▶ PROBLEM:
Take the whole listing and reproduce it exactly, pictures excepted.

▶ INFORMATION SUPPLIED:

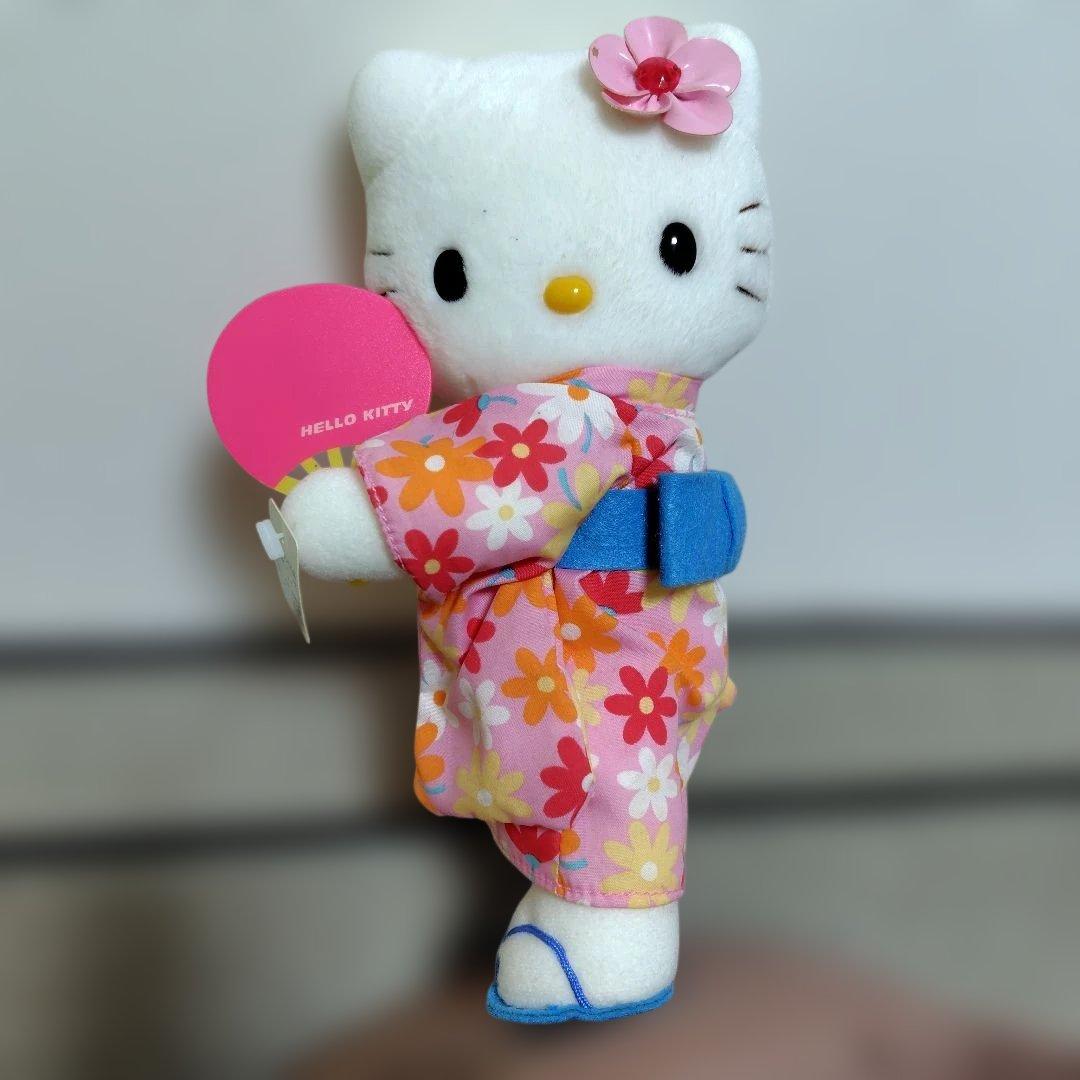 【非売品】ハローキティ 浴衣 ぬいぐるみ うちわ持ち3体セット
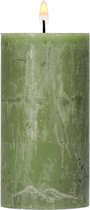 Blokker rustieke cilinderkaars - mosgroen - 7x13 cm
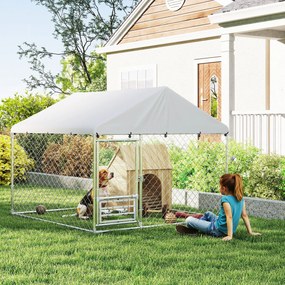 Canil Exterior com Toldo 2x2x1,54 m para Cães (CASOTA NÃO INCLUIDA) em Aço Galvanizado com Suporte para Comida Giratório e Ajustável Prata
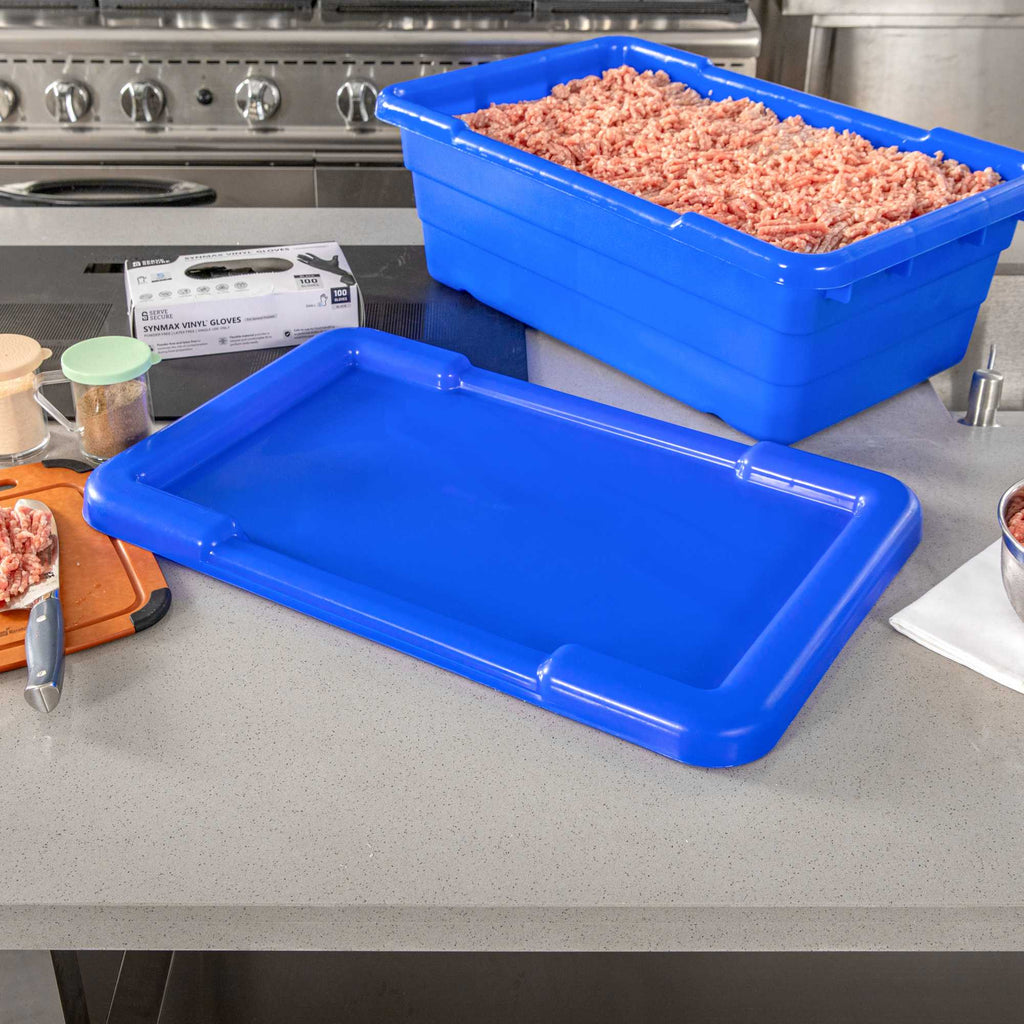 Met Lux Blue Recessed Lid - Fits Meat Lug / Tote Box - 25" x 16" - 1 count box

▶ EXERCISE SOLUTION:
 【非売品】ハローキティ 浴衣 ぬいぐるみ うちわ持ち3体セット
 Blokker rustieke cilinderkaars - mosgroen - 7x13 cm
 Canil Exterior com Toldo 2x2x1,54 m para Cães (CASOTA NÃO INCLUIDA) em Aço Galvanizado com Suporte para Comida Giratório e Ajustável Prata
 Met Lux Blue Recessed Lid - Fits Meat Lug / Tote Box - 25" x 16" - 1 count box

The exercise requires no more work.